[January 14, 2020] “Death to the Dictator” was the chant from Iranians after demonstrations that broke out at several Tehran universities.1 These political problems come in the aftermath of Iran’s leaders adamantly denying involvement in the crash of a civilian passenger airplane. For three days, Iran blamed the plane’s crash on an engine malfunction. What the leaders learned quickly was that there are consequences for lying.
Lying is something we all struggle to control. But in some cultures, lying is tolerated, if done for a “good reason.” Some say that leaders in the Middle East are always after the best possible deal they can get, no matter what it takes, and “that includes lying,” according to U.S. Rep.

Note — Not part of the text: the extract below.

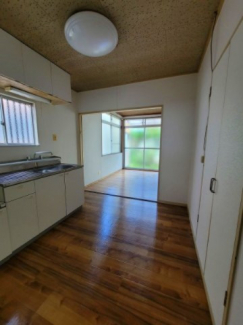 DKとリビング（元和室）の引戸も取り外しつなげました。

Duncan Hunter (R-CA). It is “honorable and heroic to successfully lie and deceive the infidels,” in this case Americans.2
Successful lying in today’s electronic and social-media-filled world is difficult. There can be a severe blowback when high-ranking government officials lie to deflect blame for poor decision-making. The old joke that politicians are lying only when their lips are moving is apt in this situation.

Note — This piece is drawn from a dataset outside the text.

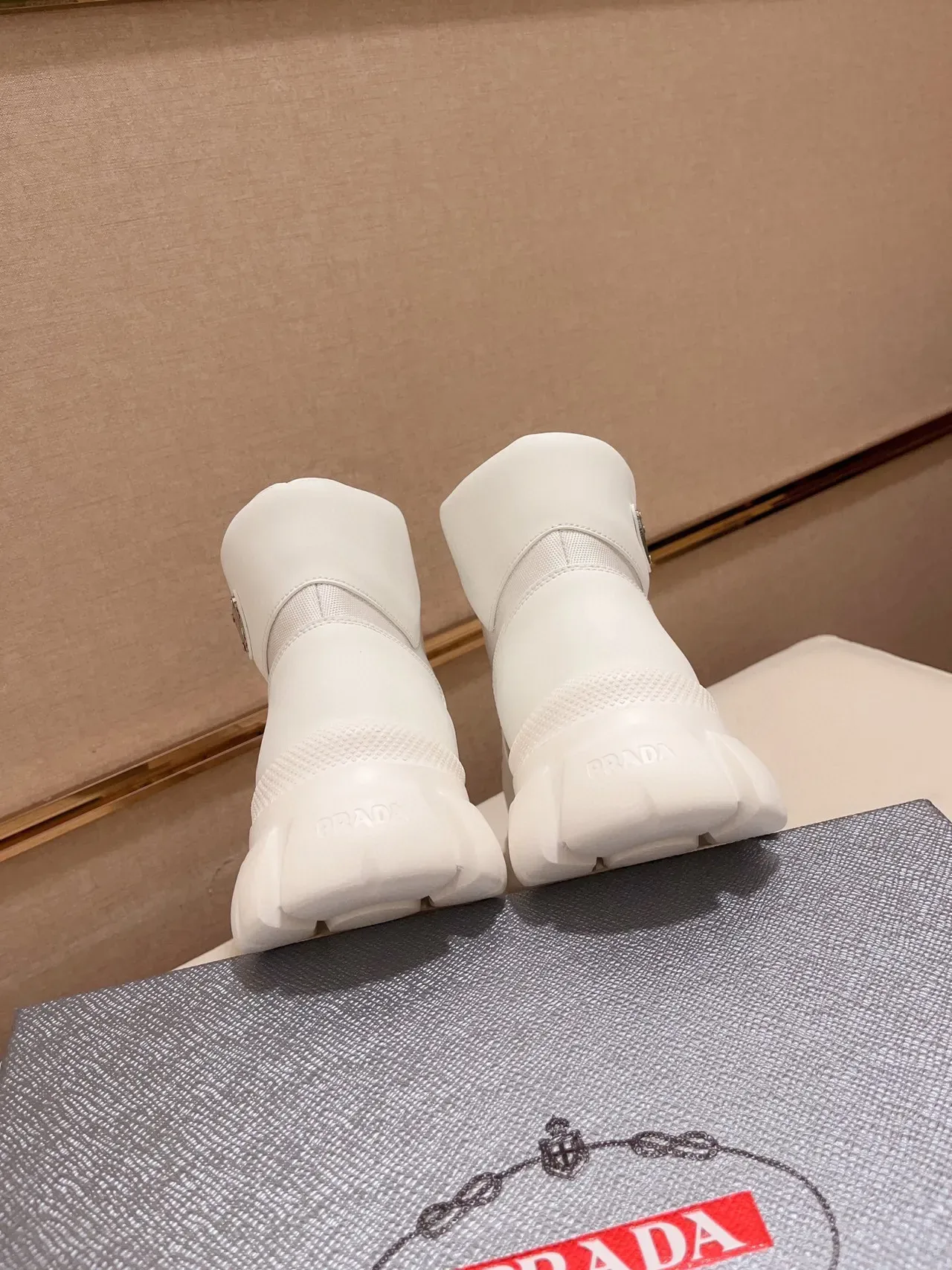 Prada Cloudbust সাদা উঁচু টপ চাঙ্কি স্নিকার 3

Iran had vowed revenge for the U.S. killing of General Qassem Soleimani while he was at the Baghdad, Iraq airport (see my earlier comments here). There was a promise by senior government officials that America would pay for the “assassination.” Rockets were fired from Iran onto U.S. bases in Iraq.3 No one was killed. But the Iranian government claimed that 30 American servicemen were eliminated in the retaliatory strike — another lie.
Iran’s Ayatollah Seyed Ali Khamenei went public to admit his regime had mistakenly shot down the civilian passenger plane; killing all 176 aboard including many Iranians. What began as vigils for Iranian lives lost on the flight soon turned to outrage at the regime. Angry crowds gathered around Tehran and other cities to send a clear message that they will not tolerate their government lying to them. “Death to liars” and “Death to the Islamic Republic” were other chants at the demonstrations. In a theocratic dictatorship, this is rare and not tolerated.

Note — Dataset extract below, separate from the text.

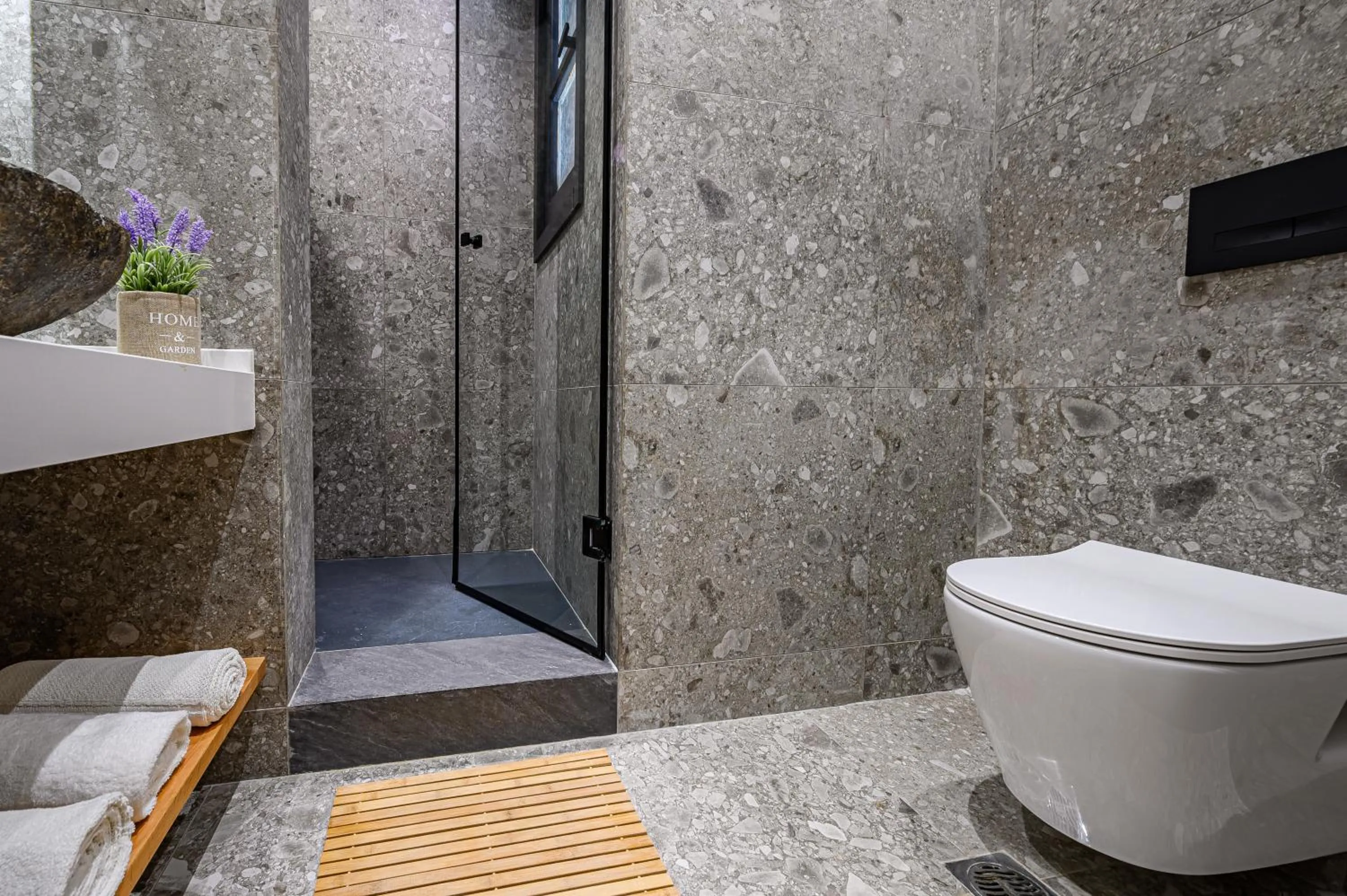 Eleni Zirganou Studios & Apartments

Deflecting blame is another tactic of dictatorships. By doing so, it gives that person a pass on their culpability and failures. It didn’t take long. After the acknowledgment that Iranian air defense forces shot down the passenger plane, the Iranian government blamed it on “US adventurism” for the fatal error. A government spokesman said that the delay in releasing the information was not aimed at hiding the issue but it is the routine drill first to study the case.
More lies from the Iranian government, which all can see, continues. Iranian President Hassan Rouhani released a statement saying that “The Islamic Republic of Iran deeply regrets this disastrous mistake.” I bet they do but not for the reasons they imply.